I’ve been the victim of workplace bullying. I’ve been told that I’m not boots on the ground because I’m an administrator. I’ve been told that my ideas are too way out there to be real. I’ve been made to feel inferior and stupid and wrong. Sometimes, it’s been as simple as an idea I’ve been really excited about that was shot down. Sometimes, it’s been about sitting in a meeting and contributing to the conversation, only to have everything I say ignored. It doesn’t need to be a major adversity that makes me feel hurt. It can be all the small hurts along the way that add up.

And I know what people say. It’s easy to believe that people who do things wrong don’t deserve to be forgiven when you’re angry and hurt. But here’s the part of forgiveness that I figured out a long time ago: true forgiveness isn’t about those people. Forgiveness is allowing yourself to accept the things you cannot change and find the peace you need to let go of the anger. Forgiveness is actually about you and valuing your own happiness and peace over anger and sadness. It allows you to build your self-worth and confidence because there is more power in controlling your ability to forgive than allowing someone else to make you angry.

There are also a few things that I think forgiveness is not:

  • It does not mean you’re weak. To forgive someone who has hurt you actually takes a massive amount of strength to let go of the anger.
  • It does not excuse the people for their behavior.
  • It does not mean you forget what happened.
  • It does not mean you put yourself in the situation of allowing it to happen again.

It’s also important to allow forgiveness for yourself.
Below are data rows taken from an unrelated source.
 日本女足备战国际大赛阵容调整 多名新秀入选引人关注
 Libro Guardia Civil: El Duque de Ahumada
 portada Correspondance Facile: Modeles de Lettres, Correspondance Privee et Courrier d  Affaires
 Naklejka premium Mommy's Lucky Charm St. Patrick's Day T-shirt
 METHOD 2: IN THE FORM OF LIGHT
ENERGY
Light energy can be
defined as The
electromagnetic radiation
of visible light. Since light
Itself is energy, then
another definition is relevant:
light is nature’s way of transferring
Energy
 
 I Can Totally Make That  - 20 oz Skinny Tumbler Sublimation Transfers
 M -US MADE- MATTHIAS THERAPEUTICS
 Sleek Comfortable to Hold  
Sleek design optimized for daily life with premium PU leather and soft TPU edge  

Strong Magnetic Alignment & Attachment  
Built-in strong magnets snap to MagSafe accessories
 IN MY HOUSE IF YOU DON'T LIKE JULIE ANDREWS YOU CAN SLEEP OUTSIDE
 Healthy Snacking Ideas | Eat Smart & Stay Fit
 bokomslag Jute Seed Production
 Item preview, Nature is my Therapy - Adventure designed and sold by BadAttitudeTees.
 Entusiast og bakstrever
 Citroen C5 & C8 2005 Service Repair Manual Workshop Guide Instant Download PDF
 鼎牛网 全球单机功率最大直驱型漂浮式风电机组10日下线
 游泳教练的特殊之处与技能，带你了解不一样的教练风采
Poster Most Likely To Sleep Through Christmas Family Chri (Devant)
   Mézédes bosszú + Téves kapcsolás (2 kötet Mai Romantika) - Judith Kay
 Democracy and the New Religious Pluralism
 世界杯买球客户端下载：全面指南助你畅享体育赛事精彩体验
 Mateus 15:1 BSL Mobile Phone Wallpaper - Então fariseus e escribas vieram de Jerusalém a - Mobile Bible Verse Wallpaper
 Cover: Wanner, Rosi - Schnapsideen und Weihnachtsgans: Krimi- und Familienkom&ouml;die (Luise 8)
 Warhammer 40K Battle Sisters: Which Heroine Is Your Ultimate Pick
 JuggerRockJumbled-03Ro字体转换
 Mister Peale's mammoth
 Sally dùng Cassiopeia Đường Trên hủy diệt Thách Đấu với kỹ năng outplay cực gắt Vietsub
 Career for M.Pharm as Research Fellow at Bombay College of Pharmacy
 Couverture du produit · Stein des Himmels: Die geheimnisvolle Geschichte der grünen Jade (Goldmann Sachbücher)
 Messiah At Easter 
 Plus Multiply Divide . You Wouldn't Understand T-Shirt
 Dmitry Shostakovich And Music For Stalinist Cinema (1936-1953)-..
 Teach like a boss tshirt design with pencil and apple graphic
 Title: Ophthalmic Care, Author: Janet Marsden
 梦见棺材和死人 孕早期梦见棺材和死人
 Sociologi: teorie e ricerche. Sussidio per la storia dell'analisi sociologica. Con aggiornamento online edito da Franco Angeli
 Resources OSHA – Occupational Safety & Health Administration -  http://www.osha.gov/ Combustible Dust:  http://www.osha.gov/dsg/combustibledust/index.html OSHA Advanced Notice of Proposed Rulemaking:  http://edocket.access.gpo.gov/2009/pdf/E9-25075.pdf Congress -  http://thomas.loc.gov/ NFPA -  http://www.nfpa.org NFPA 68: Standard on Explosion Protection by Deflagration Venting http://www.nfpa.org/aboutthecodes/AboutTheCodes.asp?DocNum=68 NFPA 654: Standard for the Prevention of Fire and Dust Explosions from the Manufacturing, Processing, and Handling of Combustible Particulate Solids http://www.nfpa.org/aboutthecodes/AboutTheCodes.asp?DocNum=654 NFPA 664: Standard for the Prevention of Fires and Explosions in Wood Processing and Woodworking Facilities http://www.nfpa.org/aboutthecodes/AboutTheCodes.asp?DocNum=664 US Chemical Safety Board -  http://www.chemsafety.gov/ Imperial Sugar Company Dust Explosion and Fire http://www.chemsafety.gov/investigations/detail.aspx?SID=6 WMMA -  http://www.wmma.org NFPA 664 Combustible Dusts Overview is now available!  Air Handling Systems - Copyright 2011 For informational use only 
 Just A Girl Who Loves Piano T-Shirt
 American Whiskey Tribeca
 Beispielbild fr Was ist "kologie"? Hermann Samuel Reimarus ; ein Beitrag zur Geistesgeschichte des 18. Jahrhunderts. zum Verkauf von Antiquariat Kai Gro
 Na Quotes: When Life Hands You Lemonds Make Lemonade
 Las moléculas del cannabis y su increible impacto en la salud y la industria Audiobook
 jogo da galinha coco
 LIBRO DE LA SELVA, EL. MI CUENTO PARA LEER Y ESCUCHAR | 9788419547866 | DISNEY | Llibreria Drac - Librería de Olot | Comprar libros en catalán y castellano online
We all make mistakes and we all have things we struggle with. So many times we feel guilty because we can’t balance, for example. A smart friend of mine told me lately that balance does not mean 50/50, yet I know that as I’m typing this post I’m feeling guilty for not speaking to my daughter sitting next to me, and when I put my work away and chat with her, I’m going to feel guilty about the work I didn’t get done during that time. But, forgiving my inability to effectively balance allows me to let go of the guilt that I constantly feel.

Developing the ability to recognize when forgiveness is necessary and what I need to reflect on to make it happen has made me a less angry person and letting go of that allows me to focus on the things that make me happy in my job and keep the negativity from dragging me down. I really do feel like adversities that hurt us are one of the reasons why teachers disengage from the profession. Forgiveness and letting go of the anger can be one of our best defenses and a way to keep us happy and engaged in our jobs and doing the best for the little people we serve.